Hence, it reiterated the importance of
securing growth that is inclusive across all
the multifarious dimensions that are
pertinent in a large, vibrant and variegated
country like India.
Explanatory Memorandum as
to the Action Taken on the
Recommendations Made by the
Thirteenth Finance Commission1
1. The Thirteenth Finance Commission
(hereafter referred to as the Commission) was
constituted by the President on November 13,
2007 to give recommendations on specified
aspects of Centre State fiscal relations during
2010-15. The Commission submitted its
report to the President on December 30, 2009
covering all aspects of its mandate.
2. The report of the Commission (hereafter
referred to as the Report) covering the five year
period commencing from April 1, 2010,
together with this Explanatory Memorandum
on the action taken on the recommendations
of the Commission is being laid on the Table
of the House, in pursuance of Article 281 of
the Constitution. Summary of the main
recommendations of the Commission relating
to the sharing of net proceeds of Union taxes
between Centre and States, grants-in-aid of
revenue of States under Article 275, Goods and
Services Tax (GST), financing of relief
expenditure and roadmap for fiscal
consolidation are contained in Chapter 1 of
the Report of the Commission.
3. The Government has carefully
examined the main recommendations of
the Commission.
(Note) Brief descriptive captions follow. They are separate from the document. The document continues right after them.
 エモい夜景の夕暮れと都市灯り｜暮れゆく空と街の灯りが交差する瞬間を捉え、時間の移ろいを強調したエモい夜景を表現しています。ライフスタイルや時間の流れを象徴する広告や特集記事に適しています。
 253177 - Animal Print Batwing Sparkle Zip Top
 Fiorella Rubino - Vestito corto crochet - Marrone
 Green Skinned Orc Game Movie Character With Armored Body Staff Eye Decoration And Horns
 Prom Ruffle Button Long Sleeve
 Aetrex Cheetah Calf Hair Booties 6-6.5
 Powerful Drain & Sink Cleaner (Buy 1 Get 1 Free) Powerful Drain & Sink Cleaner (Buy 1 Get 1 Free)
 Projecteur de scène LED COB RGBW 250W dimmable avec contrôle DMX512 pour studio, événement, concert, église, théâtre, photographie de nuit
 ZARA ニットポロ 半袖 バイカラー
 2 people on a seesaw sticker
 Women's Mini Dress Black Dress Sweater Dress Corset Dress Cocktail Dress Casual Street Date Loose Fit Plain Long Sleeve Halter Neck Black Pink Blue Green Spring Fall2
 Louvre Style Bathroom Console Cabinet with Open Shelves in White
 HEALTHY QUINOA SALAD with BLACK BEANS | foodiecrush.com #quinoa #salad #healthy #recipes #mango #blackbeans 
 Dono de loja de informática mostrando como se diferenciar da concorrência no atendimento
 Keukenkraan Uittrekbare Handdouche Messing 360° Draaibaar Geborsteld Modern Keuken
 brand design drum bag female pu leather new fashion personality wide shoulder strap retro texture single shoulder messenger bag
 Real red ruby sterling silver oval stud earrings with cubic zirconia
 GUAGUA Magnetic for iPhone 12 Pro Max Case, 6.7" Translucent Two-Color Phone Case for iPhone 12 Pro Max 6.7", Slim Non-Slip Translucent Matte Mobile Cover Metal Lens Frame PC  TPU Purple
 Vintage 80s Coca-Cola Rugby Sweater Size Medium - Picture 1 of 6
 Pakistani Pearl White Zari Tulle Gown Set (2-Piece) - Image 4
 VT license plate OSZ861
The action to be taken on
these recommendations is detailed below.
Sharing of Union Taxes
4. The Commission has recommended
that for its award period, the share of States
in the net proceeds of Union taxes may be fixed at 32 per cent. The Commission has
also recommended on the inter-se
distribution of the States’ share amongst the
States. The details of the formula for inter -
se distribution and the corresponding share
of each State recommended by the
Commission are indicated in Chapter 8 of
the Report. It has also recommended that
the total transfers to the States on the
revenue account be subjected to an
indicative ceiling of 39.5 per cent of the
gross tax revenues of the Centre.
The Government has accepted the above
recommendations of the Commission.
Grants -in-Aid of Revenues of
States under Article 275 of the
Constitution
5. The Commission has recommended
grants-in-aid of revenues of States for non
plan revenue deficit, elementary education,
environment related issues, improving
outcomes, maintenance of roads and
bridges, local bodies, disaster relief, GST
implementation and state specific grants
under Article 275 of the Constitution.
Non Plan Revenue Deficit Grant
6. The Commission has assessed the
revenues and expenditure of the States for the
period 2010-15 and has projected the deficit
for each State after taking into account the
amount of share in Central taxes for that State.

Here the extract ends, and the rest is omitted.